Mia's hands were cold despite the warm kitchen. "I called my granddaughter."
Kash's eyebrows drew together. Lora stepped in to explain.
"Mia discovered that her phone still works. Her real phone number. Connecting to her real carrier account. She called Jennie. That's her son's youngest daughter. Who's looking after our farm in Hollow Path while we're... here."
"But Hollow Path doesn't exist in this version of Massachusetts," Alice added. "I've been checking since Mia's discovery. The geography is wrong. The hamlet isn't there. The farm isn't there. Yet the call connected normally."
Kamadan had moved to the table. His posture shifting to the focused stillness of cataloging information.
"The call went through to a different reality?"
"A different phase," Alice corrected. "An alternate arrangement of the present moment.
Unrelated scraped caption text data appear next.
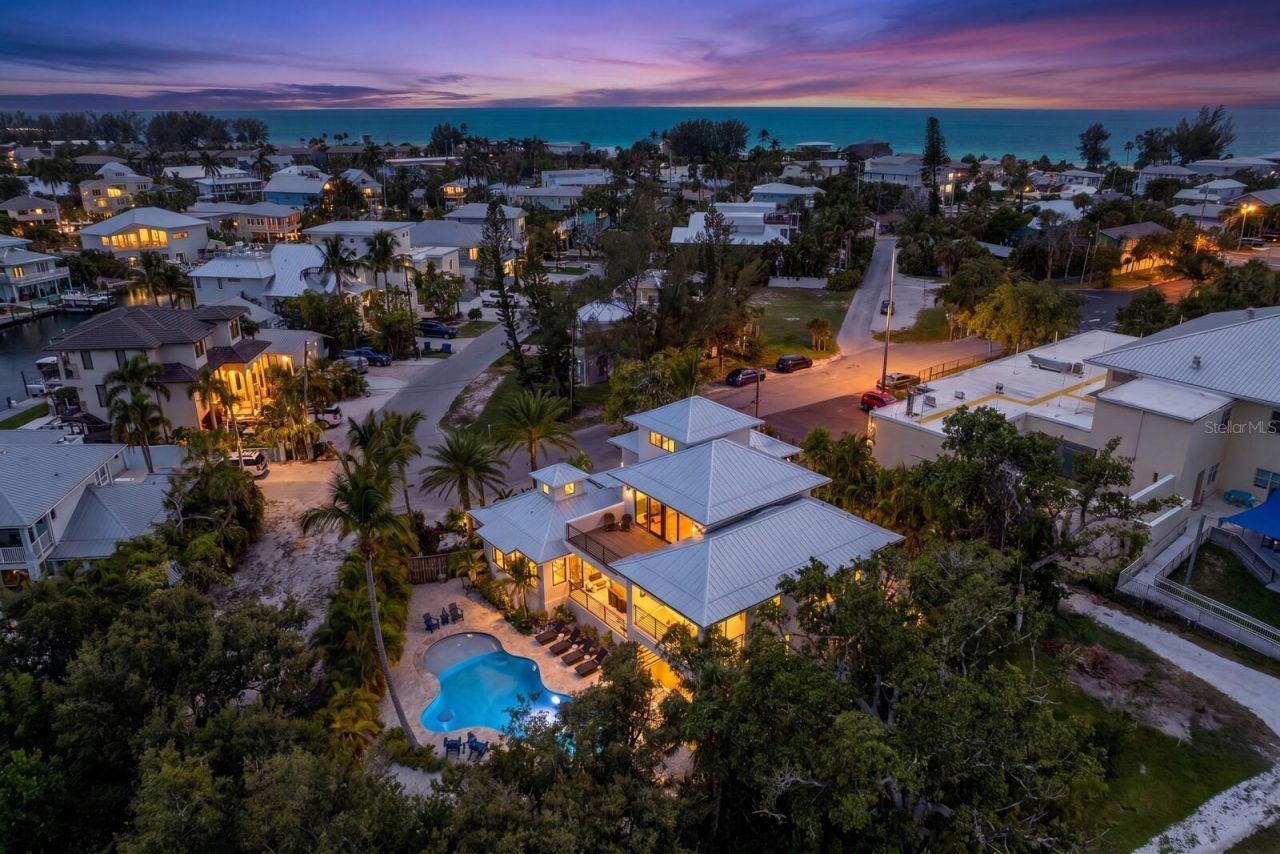 220 N Harbor Drive, Holmes Beach, FL 34217 Photo
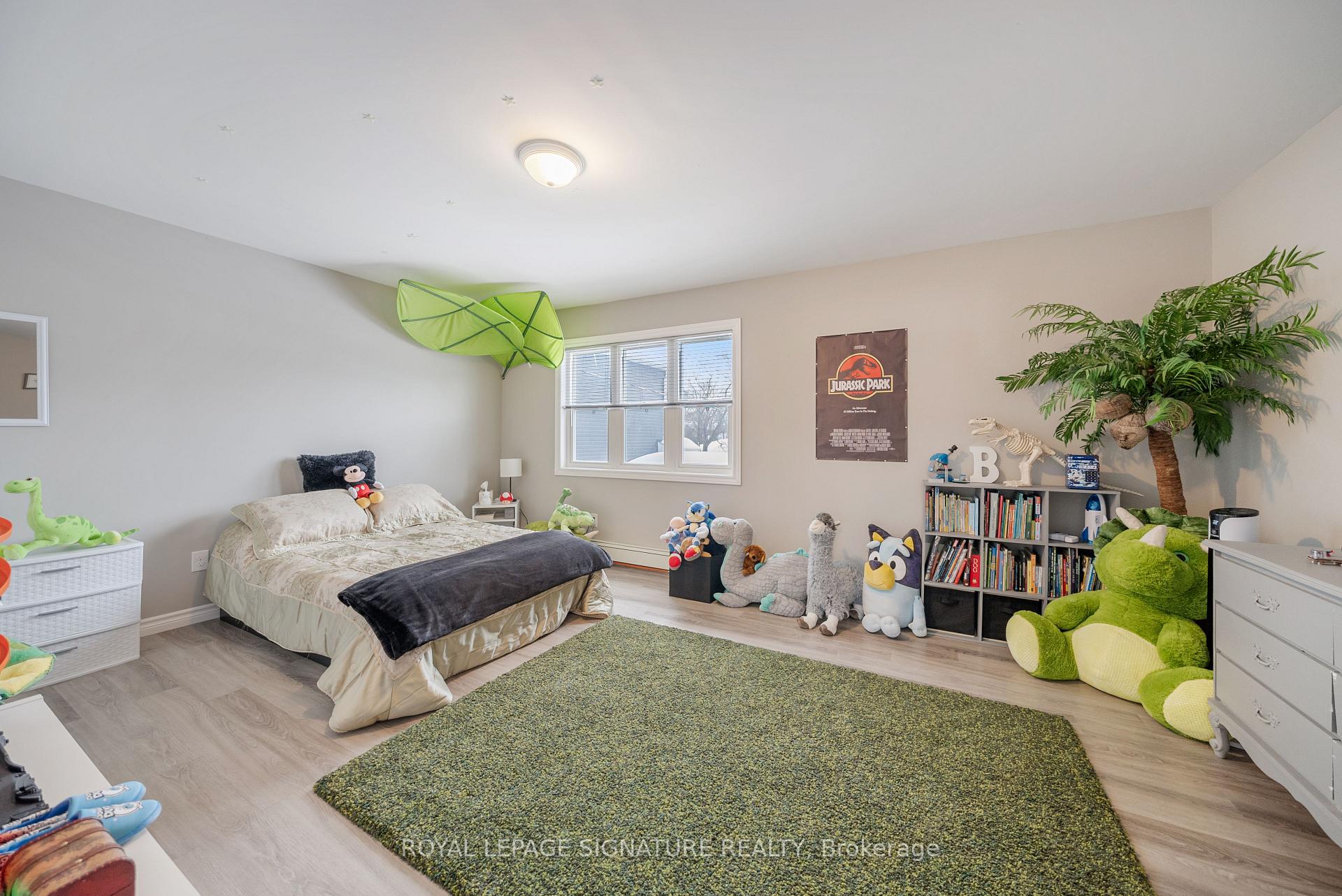 Photo 13 of 94A Peel Street, Barrie, Wellington — HOMEH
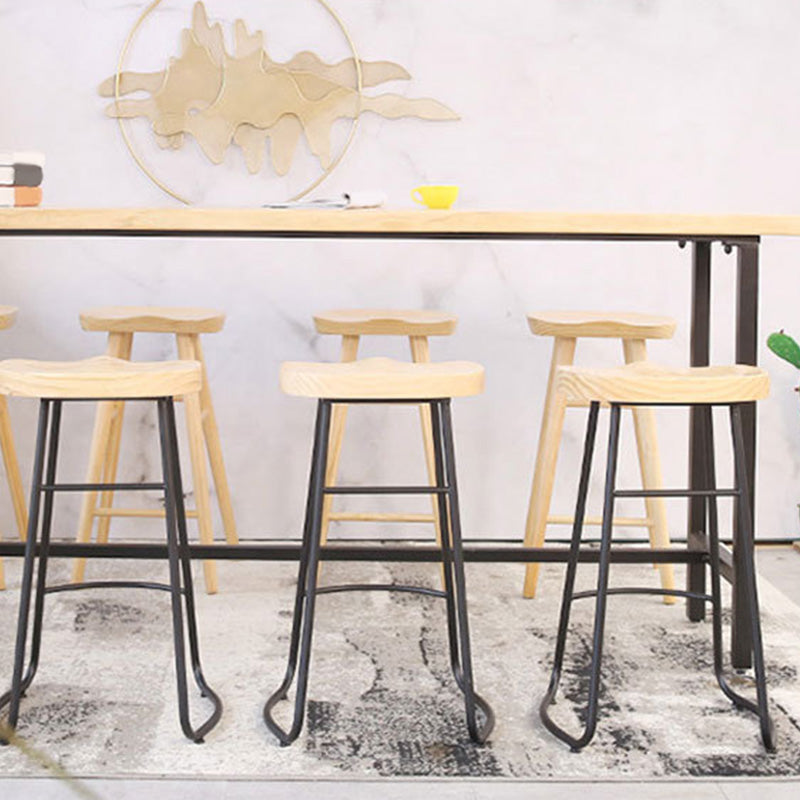 Metal 41.3-inch Bar Table Rectangular Wood Top Bistro Pub Table with Black Base Clearhalo 'Bar Furniture' 'Bar Tables' 'bar_tables' 'furn' 'furn_bar_tables' 'Furniture' 'Kitchen & Dining Furniture' 6321774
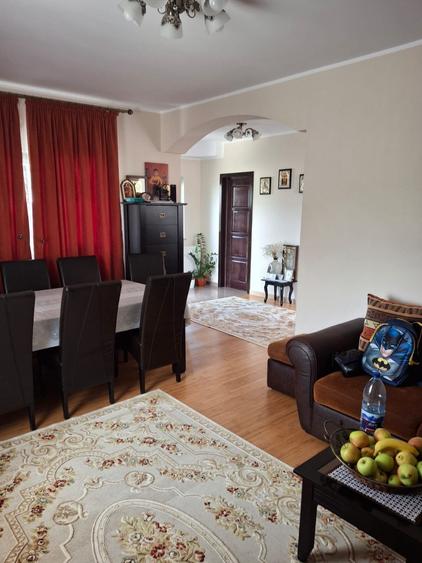 Casa cu etaj la Hudum - 4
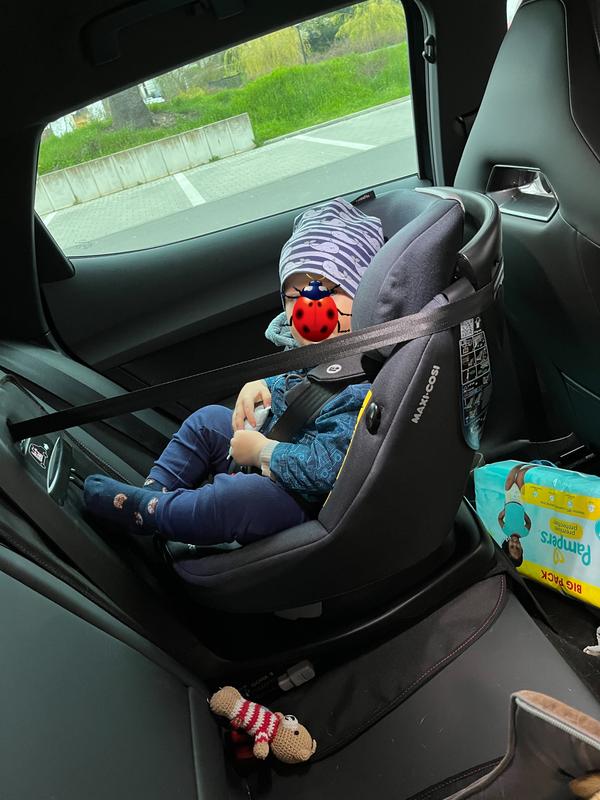 Maxii-Cosi AxissFix - the new i-Size swivel toddler car seat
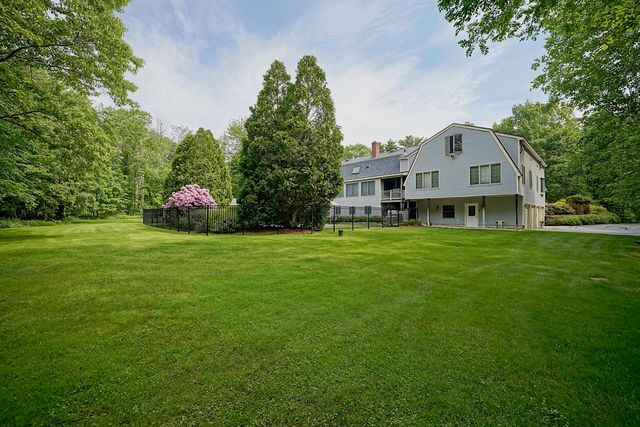 73-75 Dearborn Road, Greenland, NH 03840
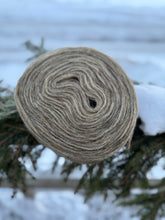 Load image into Gallery viewer, Nutiden - PÅ RAK ARM  - February Collection 2026 - #nutidenyarn - unspun Swedish wool yarn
Whatever brought us here, it didn't sever our connections to where we came from. It just... relocated us."
"Jennie sounded fine," Mia said. Her voice had steadied. "Normal. Happy about the harvest. Worried about us sounding strange. She doesn't know anything is wrong. She thinks we're just on a trip."
"Because for her, you probably are."
Kash released Mia's hands and pulled a chair close. Sitting so they were at eye level.
"The version of you that exists in her reality. The one who left on whatever journey she thinks you took. That version is probably continuing normally. You branched. Or were extracted. Or—"
"Or we were always here," Lora said quietly. "And also always there. Like Alice with her phases."
Alice nodded. "It's possible. The Wilds have Otherworld connections. Fae heritage. Even if only adopted. The boundaries between versions of reality might be more permeable for you than for ordinary humans."
Kamadan had been photographing the phone. The table. The arrangement of people. Documenting everything with his usual thoroughness.
"This changes several of our assumptions," he said. "If communication remains possible between phases, we may be able to gather information from multiple sources. Reach people who can help. Or warn those who might be in danger."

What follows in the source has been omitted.